Several years later, in a period when my fami­ly’s attention was focused more on my parent’s crumpling marriage than anything else, mak­ing “art” soon developed into a tool with which pre-adolescent me could measure my lovabili­ty. My sense of self, my feelings of worthiness, my accessibility to joy, were all dissolving along with my family unit. What was once a source of great happiness and a space for innate playful­ness became a cruel measuring stick for my ar­tistic and existential value.

I continued creating, often escaping into my practice, searching for my dearest companion, my original inspiration, my inner muse, doing more seeking than finding, in those years. I’d paint, the entire time not focused on the process, on the act of creating, but rather, fantasizing, imagining the expression on my often exhaust­ed mother’s face, which would then miraculous­ly, instantly soften. My mother’s smile would re­turn, her eyes would brim, not with hot tears, but with overwhelming pride and LOVE for me, her worthy, lovable, visible, admirable daughter. All while hugging, praising, celebrating, me!

That’s not how it ever went down though.

Not because my poor mother didn’t recognize my efforts, she always did, and to the very best of her ability. Rather, because the goal, the end result, the completed piece, is not the point of self expression. The act of doing is the Thing, not the approval that may or may not come as a result. The process, the present moment, the practice of the craft, that is where infinite cre­ativity lives. Happiness is found in the present, joy and pleasure, all reside in the Now. By con­centrating on and working only towards my goal, I had inadvertently robbed myself of any possi­ble joy, my most beloved activity striped of any sense of play. My inner innate creativity was in deep hiding; I’d cut myself off from my intuition.

After having abandoned Fine Arts as a career choice, I left Art School for Drama School, re­lieved for the peace of mind I imagined chang­ing craft would allow me. My young heart was broken in such a complex and chaotic manner, the loss I felt frightened me into denial, thus I dug a big hole within which to bury my love. Ten years passed, ten furious years, before I even looked at a paint brush, much less touched one. I refused. I’d amputated a large essential piece of my person in order to uncover a new love, a new entrance, a path back to my true nature. And it hurt like hell. It took me years to liberate the joyful, playful, curious artist within; and now, decades later I am aware that there is still so much yet to unfold.

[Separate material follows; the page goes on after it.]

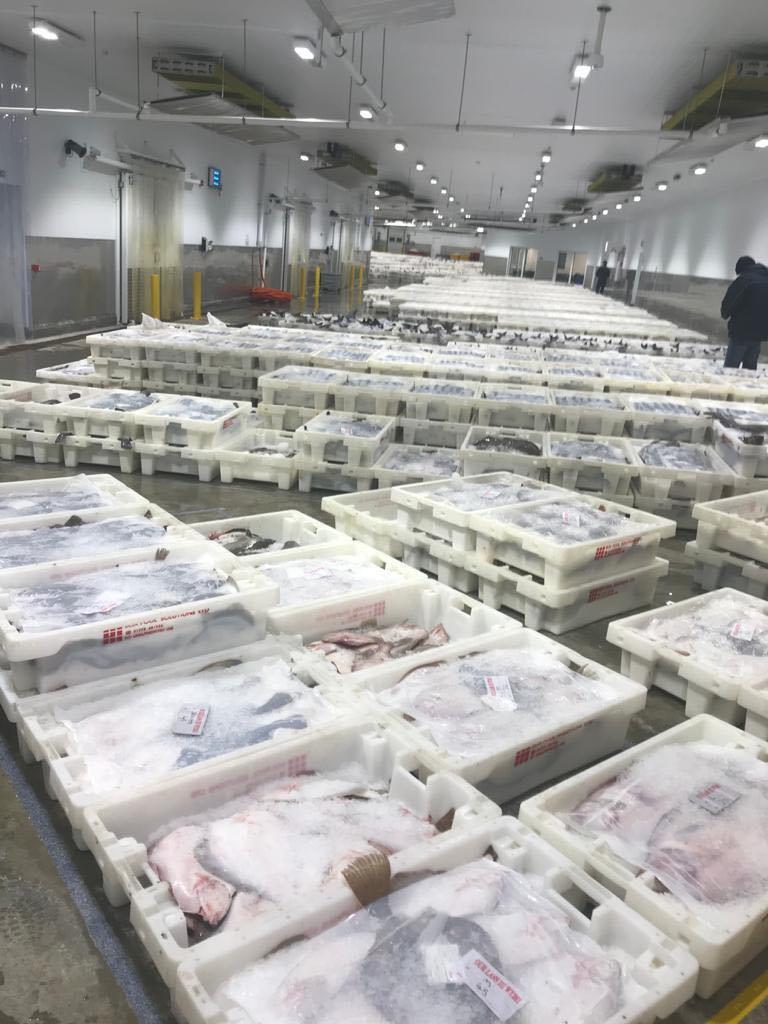Many boxes of fish in the market in 2019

What I grew to understand, other than great for­giveness, is the significance of joy, playfulness and childlike curiosity when accessing our shared, infinite, innate, creativeness. To mature cre­ativity, or to facilitate the development of a thought, an idea, or a project, fun and pleasure must partake. We must playfully plant the seed of inspiration, so that it grows into introspection which manifests impulses we remain receptive to, in turn igniting our intuition beyond the five senses, and in communion with our inner wisdom. This is a high vibration­al state of playfulness and openness. If this early tender process is done sans judgment, it leads to innovation, positive action, more information, wild, limitless imagination and high intentions. When we are intentional while simultaneously remaining receptive, we create from a state of response-ability.

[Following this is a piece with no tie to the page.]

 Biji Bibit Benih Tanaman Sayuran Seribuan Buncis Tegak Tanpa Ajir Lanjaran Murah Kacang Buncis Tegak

Our willingness to access a state of playfulness immediately in­forms creative action. In communication, for example, vocal, facial, and physical signs of playfulness and joy actually help establish trust across the entire animal kingdom, humans included. It is said that playfulness is as innate to our essence as is creativity, both being part of our true nature. Having tested these theories over the course of a lifetime, I must agree and take a stand for younger me and for all of species, against our reliance on insane concepts such as “perfection” and our tendency towards harsh self criticism and cruel judgment towards all that is. Nothing good can grow in these behaviors, because nothing true is being invested in.

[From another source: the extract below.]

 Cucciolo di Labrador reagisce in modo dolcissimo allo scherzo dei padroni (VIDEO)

I don’t know the secret to bringing ideas to life, but I sense the answers reside within us, that we instinctively are aware of when something feels True. Thus I remain on this side of the measuring stick, where we are all connected and where we all thrive, in hopes of meeting you here and sharing our continual, brilliant, blossom­ing. Life reflects back at us who we are; what we believe in, we manifest. If art is a reflection of life and life is a reflection of us, it is safe to say we are in fact, Art, itself. And I don’t know about you, but that seed, that thought, that idea… fills me with joy, invites me to come out and play, fully, tweaks my childlike curiosity, and organically produces a smile. Much like the expression I once ea­gerly aimed to construct on my beloved mother’s face, the same one I am now greeted by in the mirror, every single morning.